### RECORDS FOR THE EXERCISE
══════════════════════════════
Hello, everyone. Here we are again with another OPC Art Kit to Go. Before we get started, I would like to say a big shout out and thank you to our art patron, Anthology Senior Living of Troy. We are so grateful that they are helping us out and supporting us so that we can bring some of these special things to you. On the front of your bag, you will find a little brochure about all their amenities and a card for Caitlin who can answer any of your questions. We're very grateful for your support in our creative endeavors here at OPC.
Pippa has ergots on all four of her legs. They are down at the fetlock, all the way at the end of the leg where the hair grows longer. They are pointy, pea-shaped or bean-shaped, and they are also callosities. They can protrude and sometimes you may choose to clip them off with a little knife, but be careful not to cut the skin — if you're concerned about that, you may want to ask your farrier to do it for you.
══════════════════════════════
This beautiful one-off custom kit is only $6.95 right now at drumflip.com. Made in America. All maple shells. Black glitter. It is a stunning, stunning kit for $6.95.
══════════════════════════════
### PROBLEM DESCRIPTION
In the listing above, find the line containing "Hello, everyone. Here" and the line containing "Pippa has ergots", then repeat those two lines and everything between them exactly.

### RESULT
Hello, everyone. Here we are again with another OPC Art Kit to Go. Before we get started, I would like to say a big shout out and thank you to our art patron, Anthology Senior Living of Troy. We are so grateful that they are helping us out and supporting us so that we can bring some of these special things to you. On the front of your bag, you will find a little brochure about all their amenities and a card for Caitlin who can answer any of your questions. We're very grateful for your support in our creative endeavors here at OPC.
Pippa has ergots on all four of her legs. They are down at the fetlock, all the way at the end of the leg where the hair grows longer. They are pointy, pea-shaped or bean-shaped, and they are also callosities. They can protrude and sometimes you may choose to clip them off with a little knife, but be careful not to cut the skin — if you're concerned about that, you may want to ask your farrier to do it for you.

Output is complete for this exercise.